Not a photo-bombing relative or anything like that; rather, I found a neat vintage oddball that I had yet to showcase and/or brag about on "Jenga."
Who doesn't love vintage? Who doesn't love oddballs? Together they make a winning combination:
I had never seen anything like this first one until it popped up on Ebay:
This bit of trivia was brought to you by Gad Fun Cards.
This multi-sport set was released in 1963 by an illustrator known as, you guessed it, Gad. It appears to have been a regional release, originating from Minnesota.
The fronts all featured an illustration with a bit of trivia or an impressive statistic on the front. Now you know that Chicago Colt/Cub catcher Pop Schriver thought 60ft, 6in was for pansies.
The backs either contained rules for an accompanying card game or something like this:
This baseball card is a mental exercise, both informing and teasing your brain!
How could I pass up this little rarity for $2, shipping included?
It now resides in my CATRC as the representative for Mr. Schriver, who's only other release comes from the Old Judge days.
As Wayne Campbell might say, "They will be mine. Oh yes. They will be mine. (In my dreams)
One thing about this card though is that it shows cartoon Pop wearing a modern catcher's mitt.
I'm sure the minute bits of historical accuracy weren't of great concern to Gad, but Pop (a Colt/Cub from 1890-94) played during the rough-and-tumble bare-handed days of baseball. Mitts were for pansies.
No doubt, this left many a fielder with mangled hands - catchers especially, which I'm sure you can fathom why.
As a matter of fact, Schriver's hands were exceptionally repulsive.
In 1895, the New York Daily Herald's OP Caylor had the hands of several members of the New York Giants photographed. Schriver - then a Giant - “takes first prize in a display of distorted joints His right hand... has lost much of its resemblance to the natural member.”
Well, if you're going to have mangled hands, you might as well have the most mangled.
The hand of Pop Schriver
Speaking of mangling things, let me take a minute to discuss part of the reason my posting schedule has been mangled recently: rock and roll!
Last Thursday, courtesy of WKQX in Chicago, I won a couple of tickets to catch J. Roddy Walston & the Business at the Metro - just down the street from Wrigley.
I'd only heard two songs by the group going into it, but it was a free show in Wrigleyville, so I wasn't about to turn that down.
Although their sound system was pretty crappy (at many points, it was more buzz and over-modulation than music), it was still a decent set. I'd describe them as a more raw version of Kings of Leon - as if "Use Somebody" never happened.

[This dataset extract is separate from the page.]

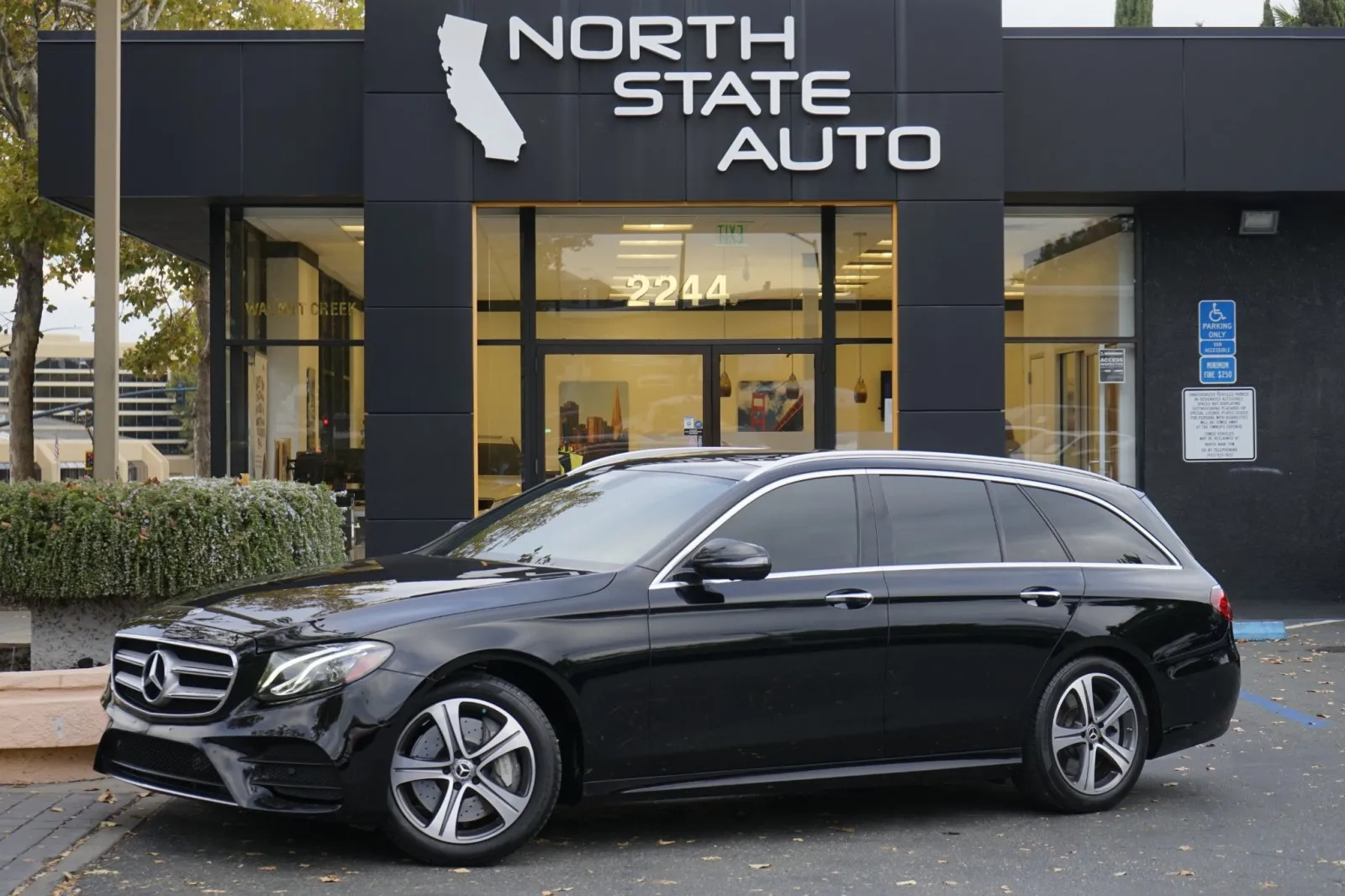 Black 2020 Mercedes-Benz E-Class E 450 for sale in Walnut Creek, CA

Speaking of Kings of Leon, the opener on their current tour has been Kongos. This past Saturday, they broke away temporarily to headline their own show, also at the Metro.
I have raved about Kongos previously and they put on a lively, frenetic show. After experiencing their blend of garage/hard rock with folk, reggae, rap and even electronic influences at Firefly Music Fest, I couldn't help but be drawn back for a second taste.

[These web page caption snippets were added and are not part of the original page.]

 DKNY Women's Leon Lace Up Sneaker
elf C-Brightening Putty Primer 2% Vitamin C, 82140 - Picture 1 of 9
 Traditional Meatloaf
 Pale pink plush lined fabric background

Anyone who says the rock is dead should attend one of their shows - they are so much more than their radio-smash "Come With Me Now," which I love as well.
So, in summation, rock and roll distracted me from posting and a super awesome vintage oddball made me come back.
While I might miss a day or two or six and my posting schedule may get mangled worse than Pop Schriver's hands, Wrigley Roster Jenga will never die - much like the rock and roll that served as my distraction.
I think I tied that all together pretty nicely there, if I do say so myself.